My princiPAL has already dropped by my classroom 3 times, out of 4 days, we've been in school. And today, I don't know if it was the extremely heat or the happy, welcoming of the end of a long week, but when she came and sat down at one of the tables, I could feel the friggin' heat and sweat perspire on my forehead as I read a story (Lilly's Purple Plastic Purse) to my classroom. Thankful they were well-behaved, listening, most of them were laying on the carpet (exhausted and hot, themselves), but I simply didn't care, because of the heat and the fact that they were listening (for the most part, all of them).
I ask we'll see what she has to say about the scene.

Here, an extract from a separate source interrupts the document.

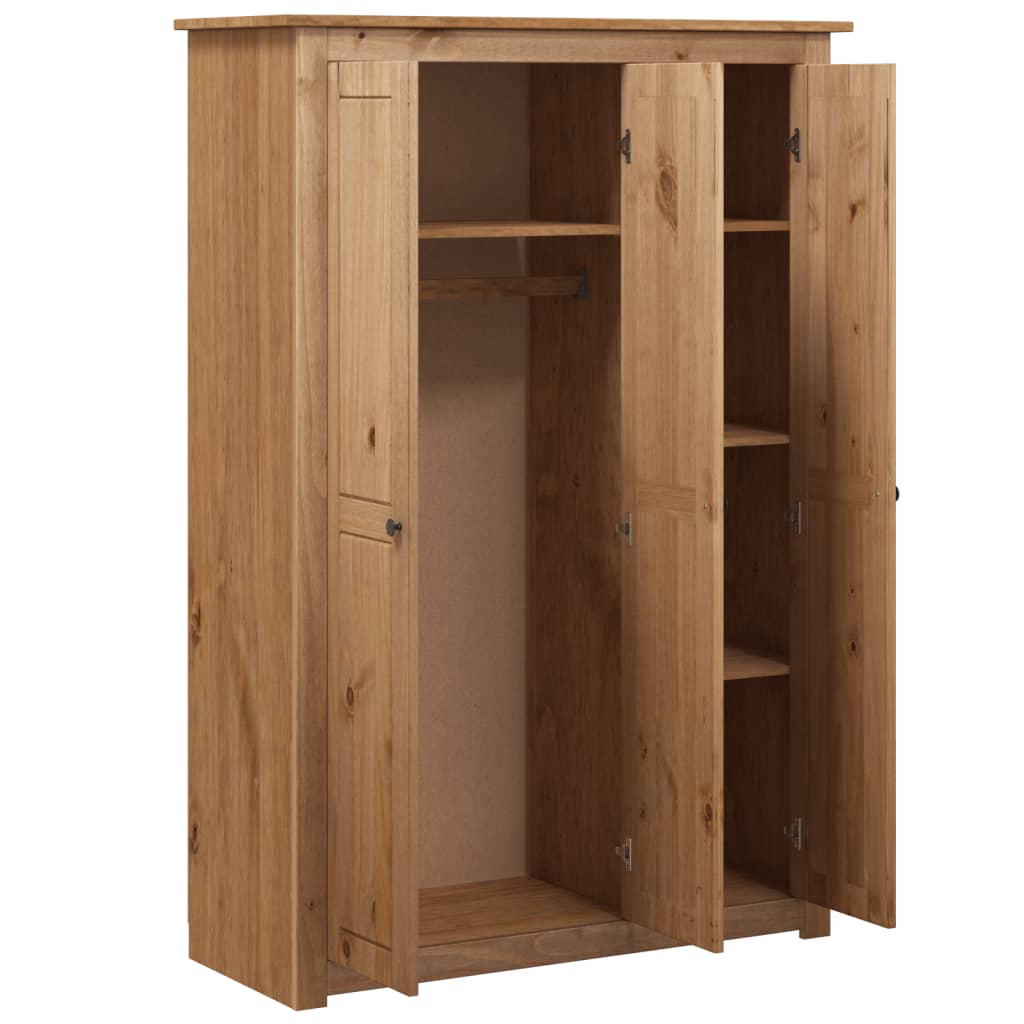 Kleiderschrank 3-Türig 118×50×171,5 cm Kiefer Panama Serie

I've got some great personalities already, that's for sure. One little boy who can't stop moving, dancing, you name it, he's doing it-- when he shouldn't be. I loved that he openly admitted the other day- "Mr. Moores (yes, he adds an S to my name sometimes) I'm just ACTIVE!" Ha! I didn't know what to say. I laughed. I know I shouldn't, but sometimes kids just crack me up.
And again, today, he was dancing and said, "These are my dancing pants!"
To which I, wittily, replied- "I wish on Tuesday you'd wear your sit-still pants."
It was his turn to laugh.

I think I'm going to enjoy this.

Oh yeah, and my new apartment on State St. in Downtown Portland is not so comfortable in this friggin' heat either. So, last night, I decided to take my red plastic non-alcohol-filled cup out to the steps, because it was a lot more bearable outside around 9p then inside. One of the other tenants, an older man, was coming home and sat on the steps and we started talking, he was briefing me on all the different apartments, the crowds that inhabit them, the bums around our corner, etc. We ended up hanging out, outside, until 11:30, when I had to admit that 6a.m. comes quickly on a school-night. But it was interesting.